This was a key message from Infosecurity 2013, with IT bosses agreeing this was the best way to create good security without having to break the bank.
Graham McKay, CISO at Scottish publisher DC Thompson, said: "We are all facing considerable budget pressures, with an increasing threat landscape. It's a challenge.
"But we've adopted the approach of education, training and awareness.Educating our staff, getting the best value for money. Identifying what our information assets are, and taking the best approach to protect those."
Cal Judge, Head of Information Security at Oxfam UK, agreed that education was vital. He said that it was key to get staff interested in information security, and buy into it.
"You can do this through various methods," he said. "For us it is about for example, creating an online course that is entertaining and interactive.

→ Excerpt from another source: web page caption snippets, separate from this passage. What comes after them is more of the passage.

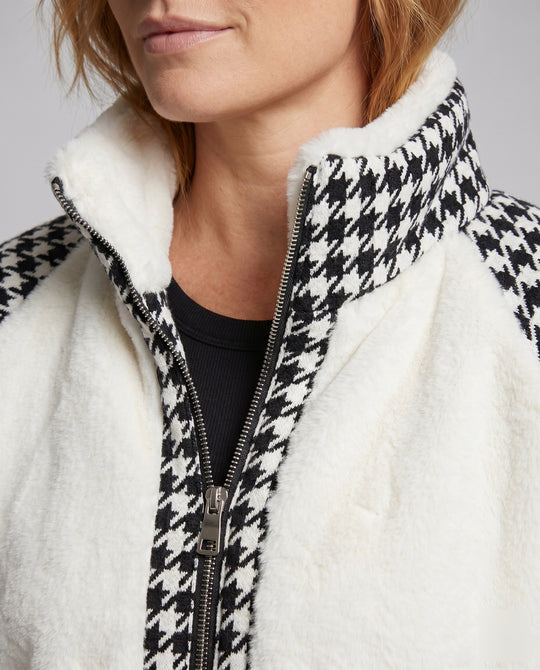 Product 15627249123658 - close_up_detail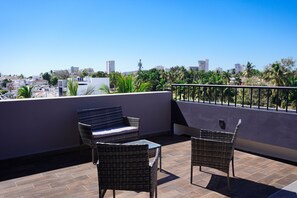 Terrace/patio - Room for 4  Rooftop Pool  Balcony (Mazatlán)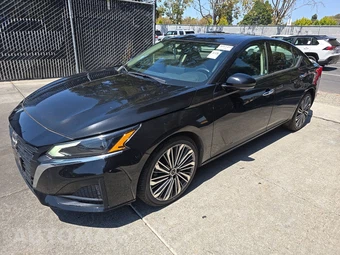 2023 Nissan Altima SL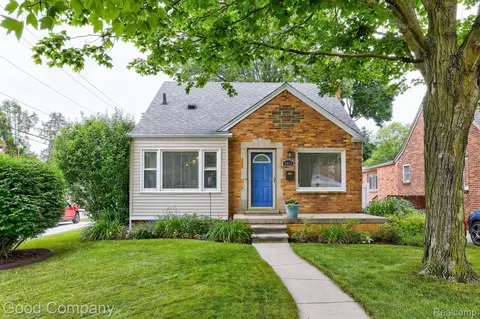 2403 N Connecticut Ave, Royal Oak, MI 48073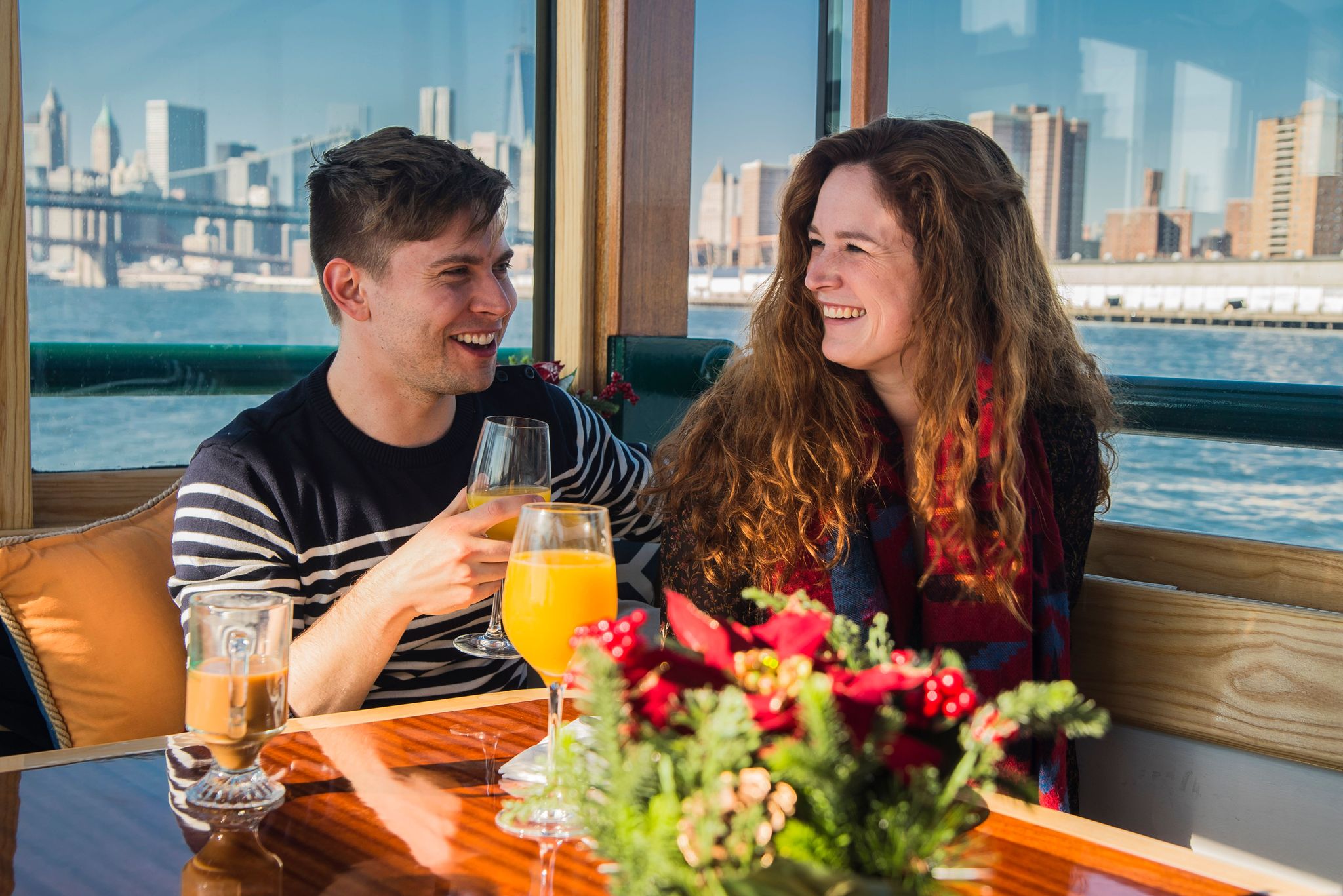 NYC Holiday Brunch Cruise Around Manhattan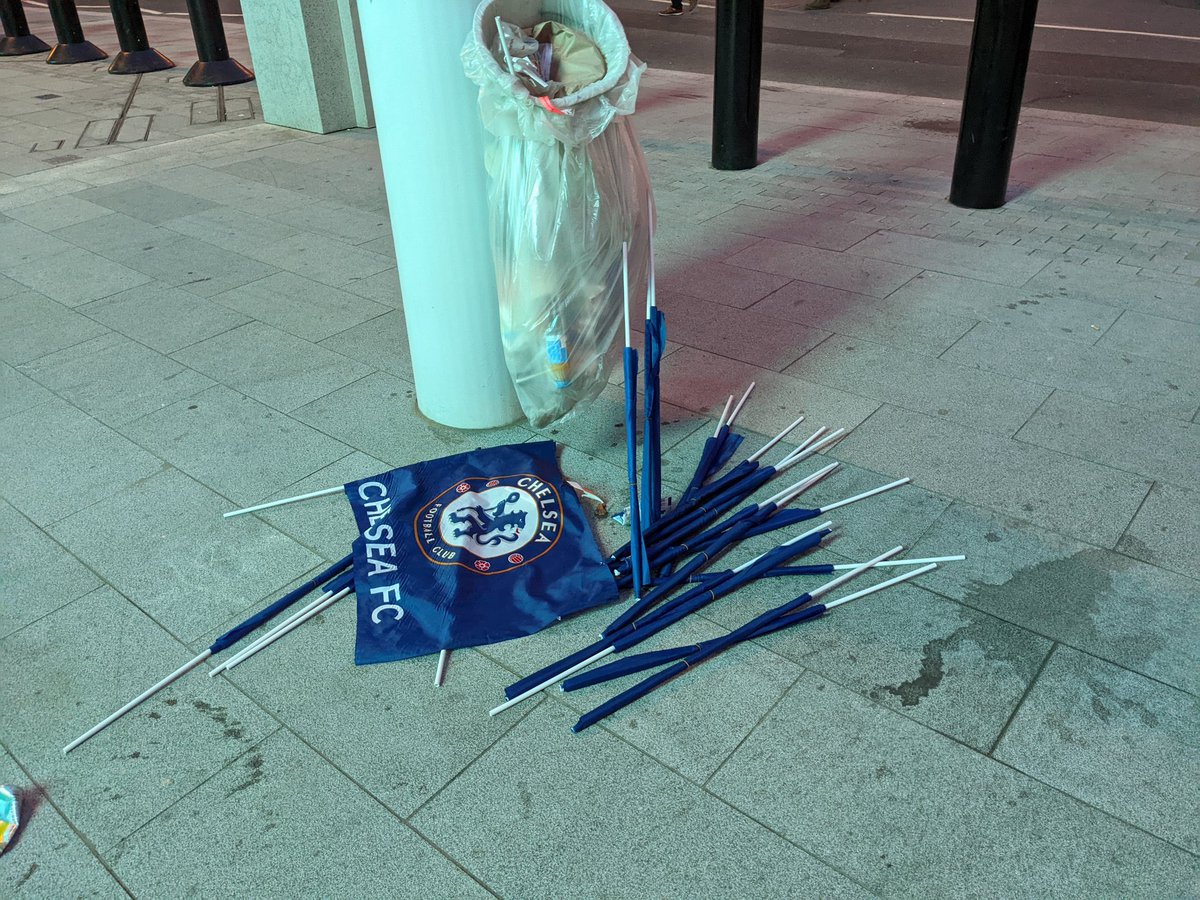 CreativoDesign's tweet image. A picture is worth a thousand words. #plasticflags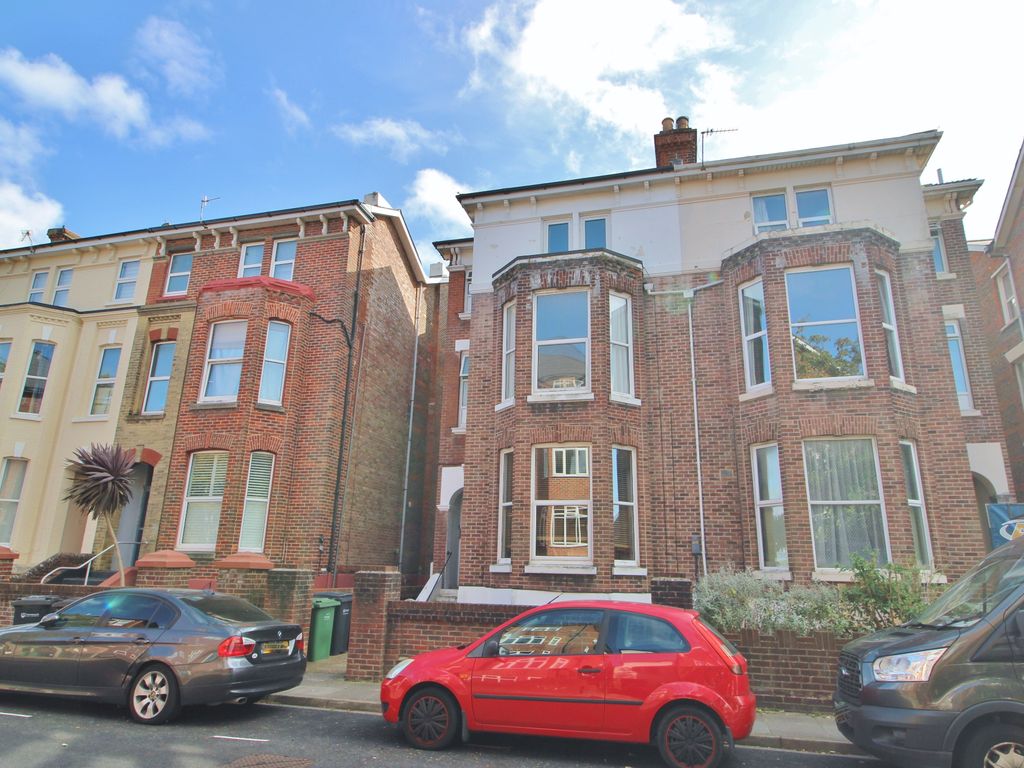 2 bed flat for sale in St. Ronans Road, Southsea PO4, £210,000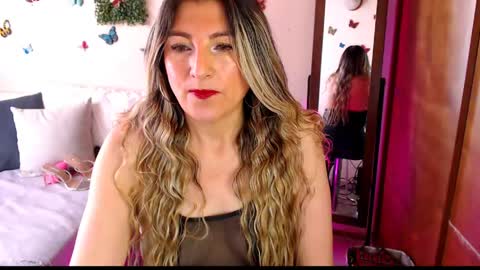 Jolie Mature online show from April 26, 4:38 pm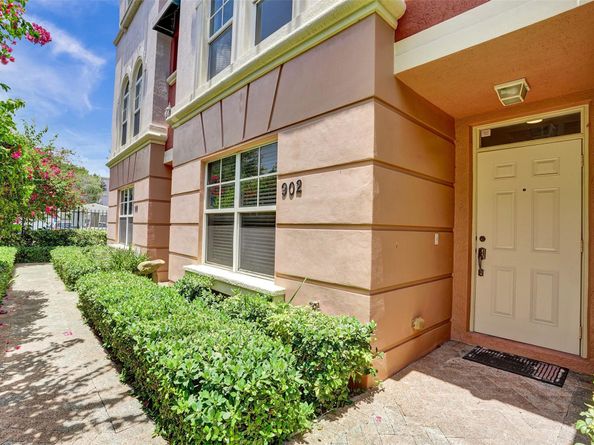 1033 NE 17th Way 902, Fort Lauderdale FL 33304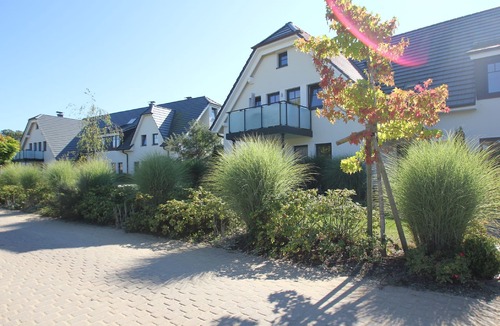 Lobbe Apartment | Beachfront apartment with terrace, use of swimming pool and sauna - Rex Rugia H-1010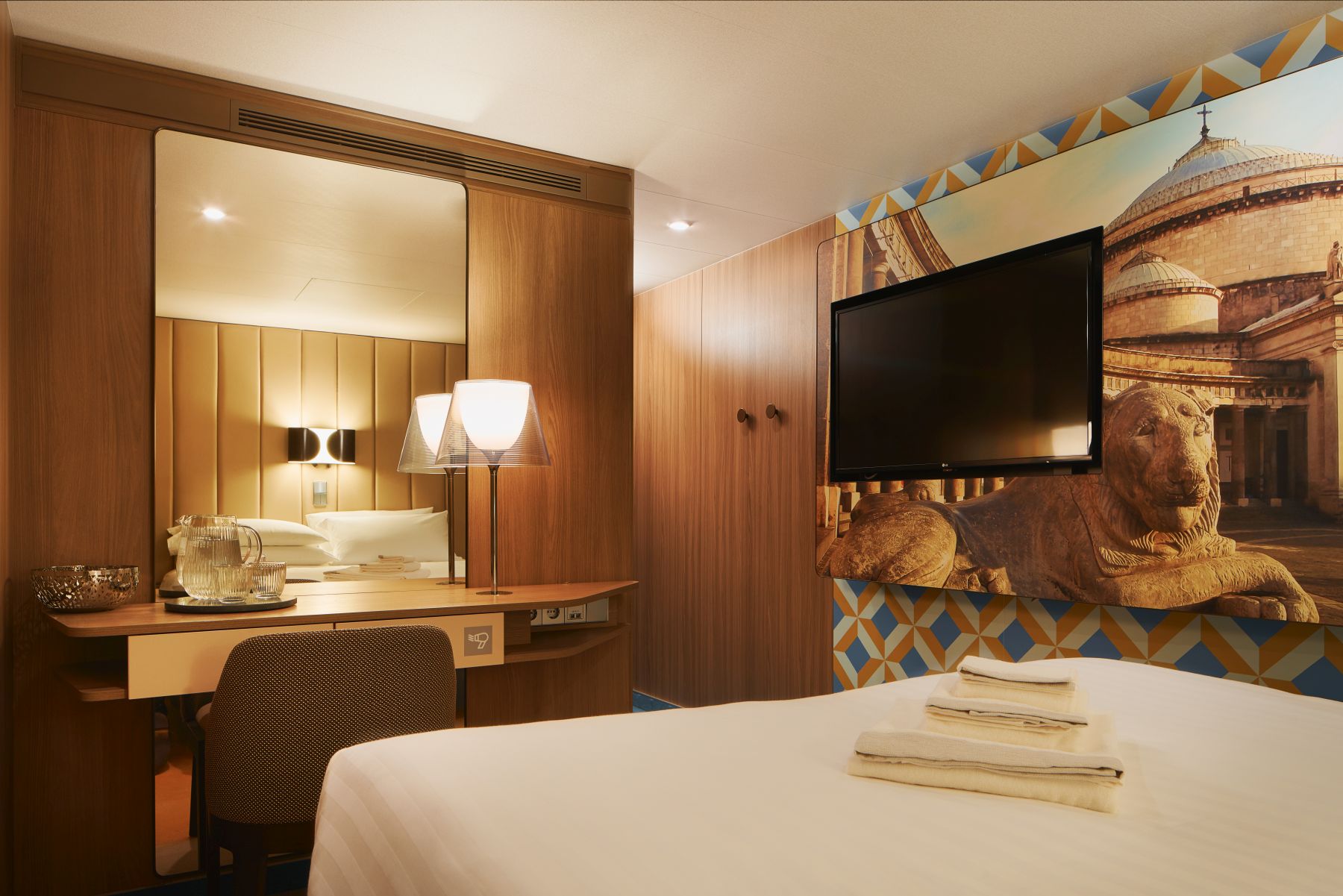  Rejs Słoneczne Morze Śródziemne z Ibizą i Sycylią z Rzymu z polskim pilotem - Costa Smeralda kabina z balkonem 2 osobo 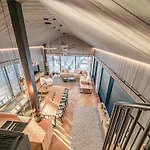 Luxury Valo By Hilla *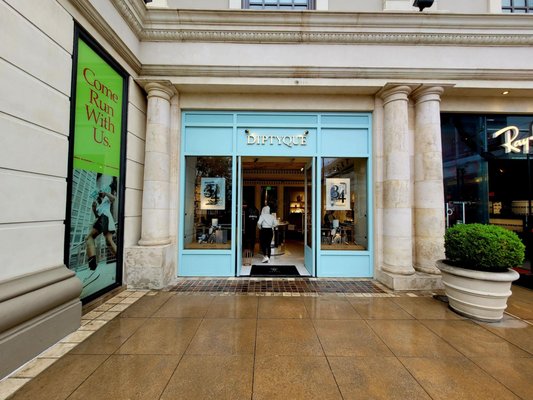 Diptyque The Grove by null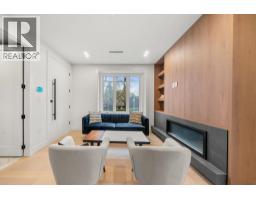 3483 ADANAC STREET, Vancouver, British Columbia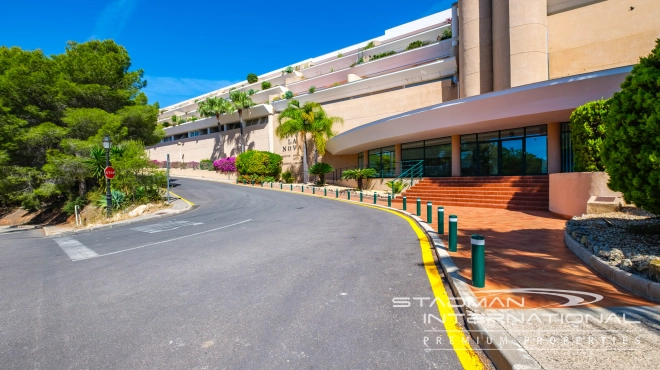 Exclusive Apartment with Spacious Terrace in Altea la Vella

"You can take a story about a celebrity getting their Twitter account hacked, use that scenario, and get staff buying into the idea that password security is essential to securing their account.
"People don't remember doing boring courses, and if they are having fun during the process, they are more likely to remember."
Michelle Tolmay, security officer at online retailer ASOS.com, said all new starters in her business needed to undergo security awareness training.
She said that she checks their Facebook and Twitter accounts before they start, and reveals personal facts about them she discovers at the beginning of the session.
Tolmay said, "People start thinking, hang on, what have I actually put out there to find that information? We're quite lucky as most ASOS staff are customers.
"Not only do we make it personal because of how they need to protect themselves in their day-to-day lives, we can take that one step forward and show how customers of ASOS need to protect themselves.
"Staff will take more interest because they know that if there is a data breach, it's not the information of random people around the world - it's theirs."